More about the upcoming FDA meeting, and a recipe!

This is a partial repost from my last post (which I removed, due to some confusion by those who read the earlier version).

Everyone requires at least a certain level of having a sense of being in control of events in their life.

Whether it’s taking a trip and traveling geographically, or that journey we take as we navigate through our daily lives, most of us want the ability to make choices as to what is important to our  happiness and health.

How our health care is managed is definitely area where we want to have a say.  For the most part, I believe the majority  of us want to be involved, and to have real choices made available to us.

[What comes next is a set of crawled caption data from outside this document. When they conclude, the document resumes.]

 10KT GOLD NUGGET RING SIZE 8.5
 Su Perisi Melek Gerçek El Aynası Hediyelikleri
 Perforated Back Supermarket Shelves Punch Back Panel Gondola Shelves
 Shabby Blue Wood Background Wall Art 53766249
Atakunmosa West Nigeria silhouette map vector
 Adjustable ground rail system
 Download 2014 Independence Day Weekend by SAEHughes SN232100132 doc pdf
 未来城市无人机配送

Most of us did not expect to have a feeding tube.  We lived our lives oblivious  to the concept that there are people who lived everyday “normal” lives too, but that these people were living their life with a feeding tube as a meal delivery system.

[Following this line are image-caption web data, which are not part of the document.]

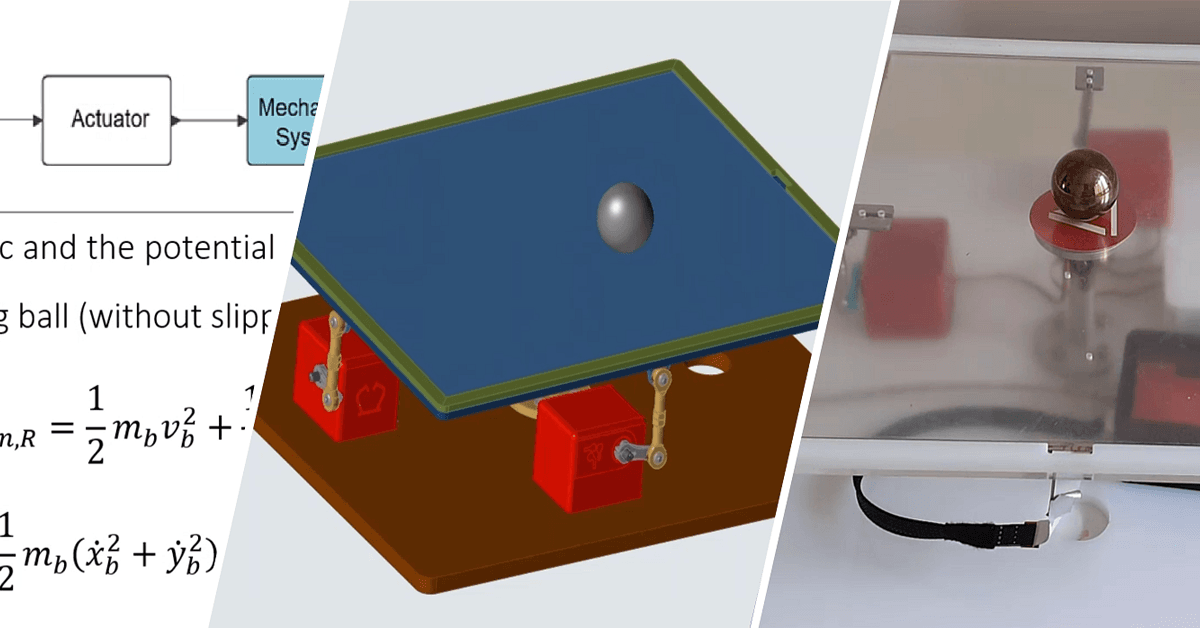 Using ACROME Balancing Ball Table and Altair Software for Teaching Mechatronics 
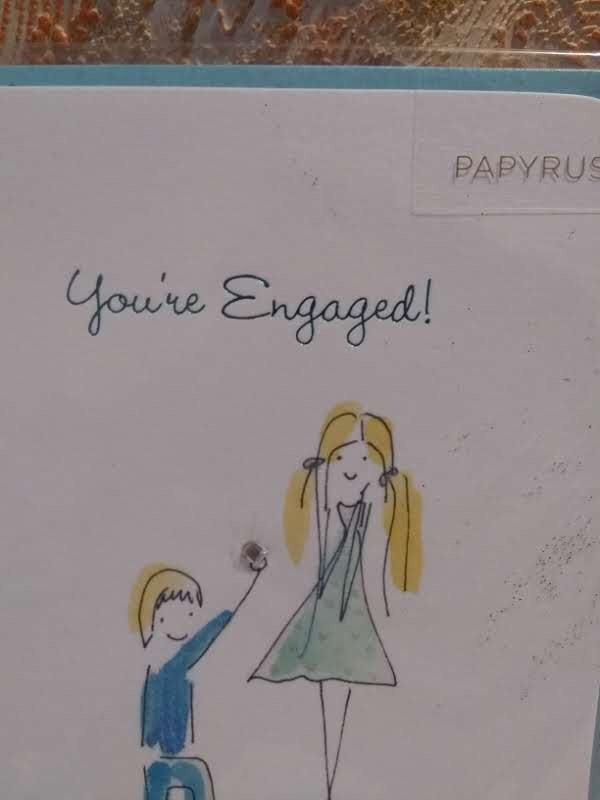 *Papyrus Card You’re Engaged! You’re A Match Made For Happiness Congratulations!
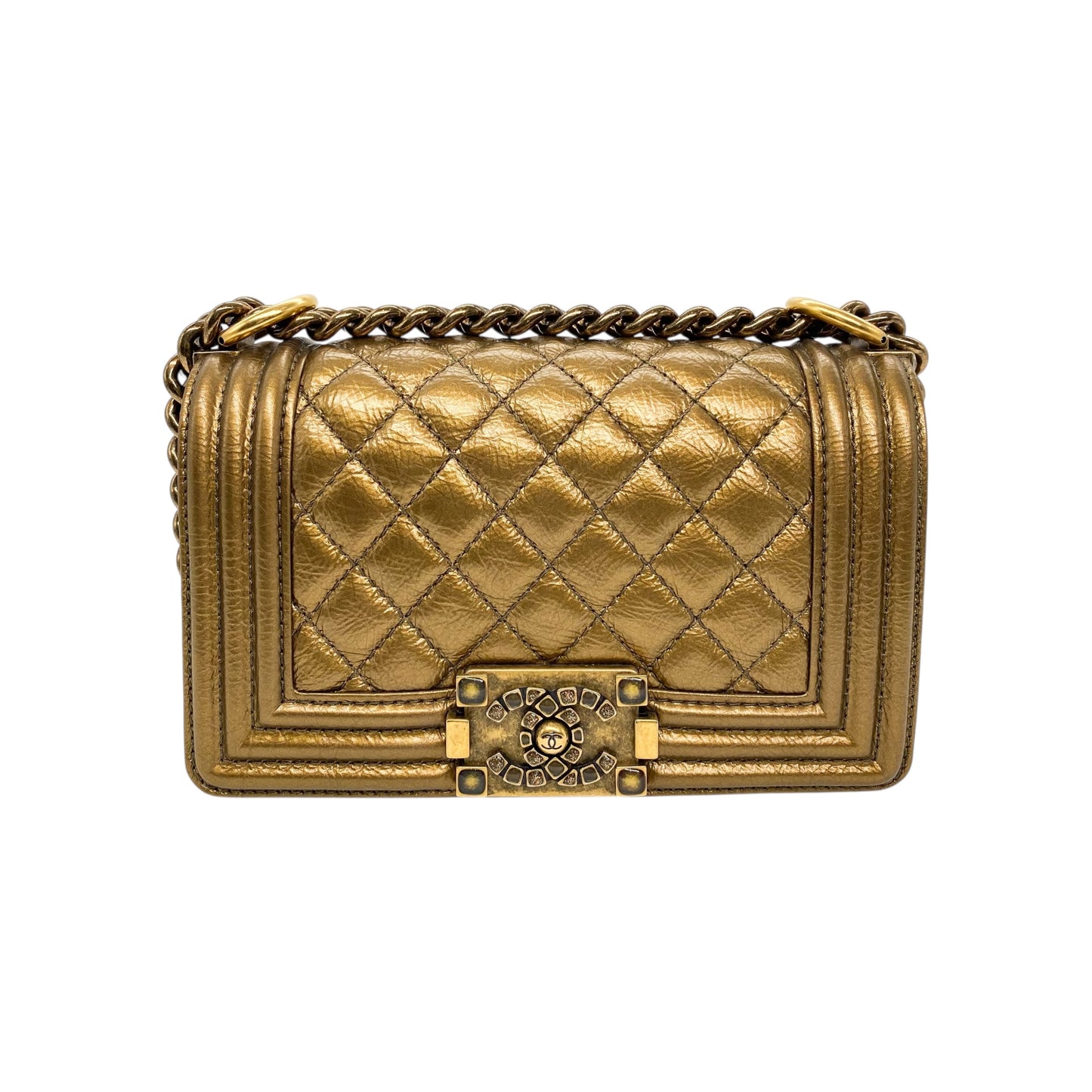 Chanel Gold Small Boy Bag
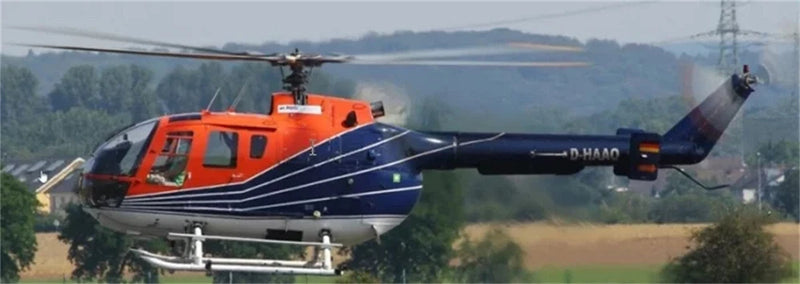 Roban 800size BO-105 ARF Orange/Blue RC Helicopter scale Fuselage RC toys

And we got that tube, we were not empowered with a sense of being in control.  Some make it a priority to try to gain control, but for the most part, we have not had a support system in place that was interested in knowing what was important to us, nor have there been product design teams ready to develop things that were what we wanted, in order to make life easier and safer for us.

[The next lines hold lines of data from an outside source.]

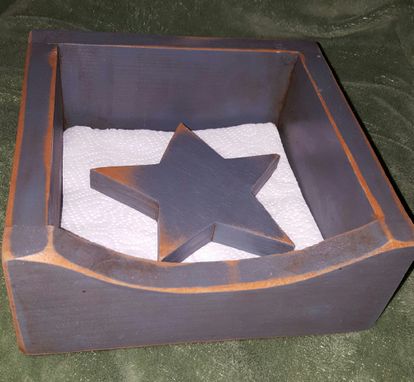 Custom Made Napkin Box W/ Star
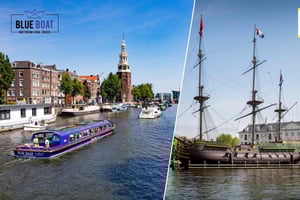 Kombinerad biljett för Amsterdams kanalrundfart och sjöfartsmuseum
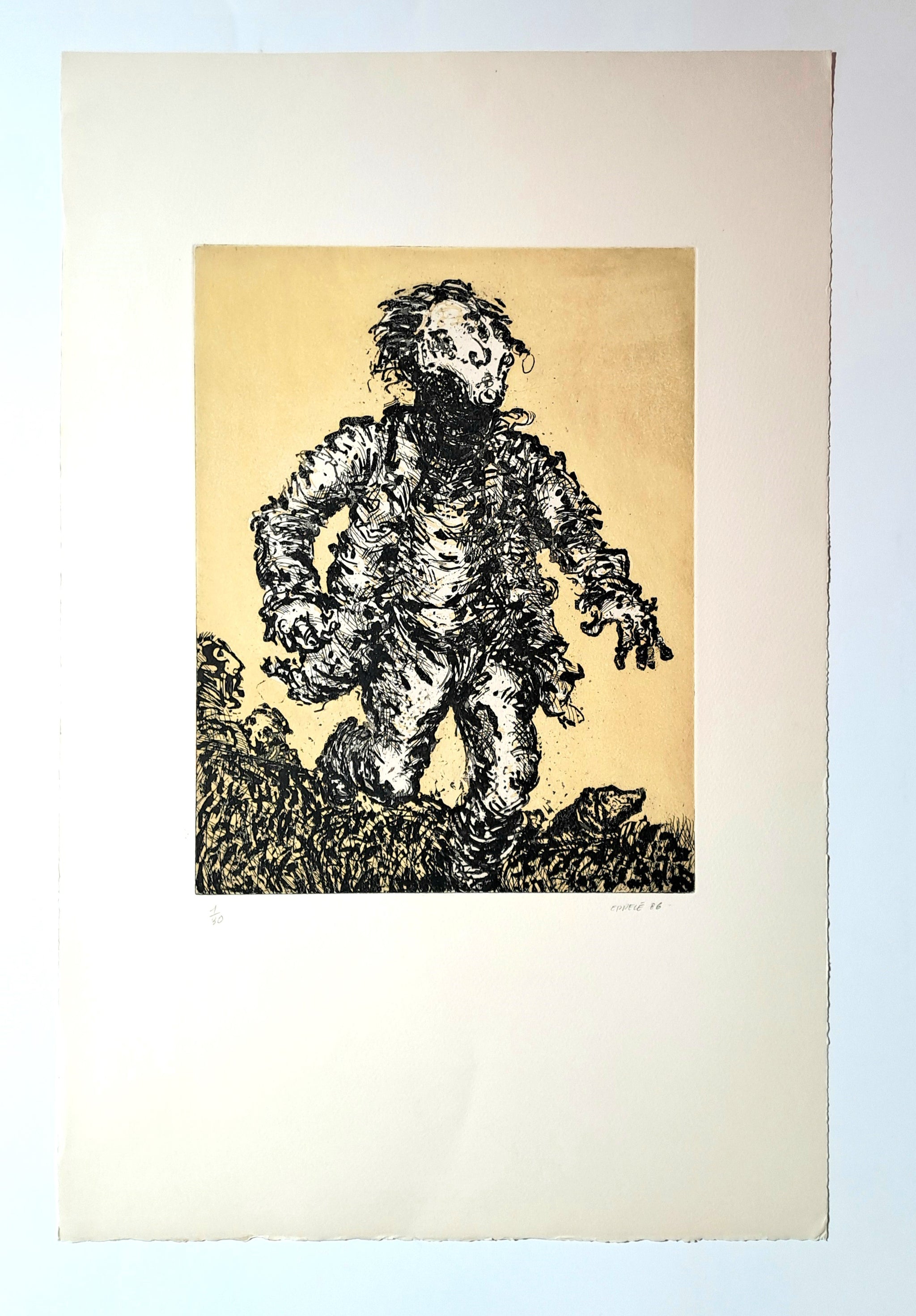 L'homme qui court. 1986.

The FDA (the United States Food and Drug Administration) has said that they recognize that this should be more of a priority.  They have been holding focus group meetings on the subject of tube feeding in a home setting.

I am excited to have the opportunity to be a part of an upcoming meeting. This “collaborative conversation” is sponsored by the  Oley, and the Feeding Tube Awareness Foundations.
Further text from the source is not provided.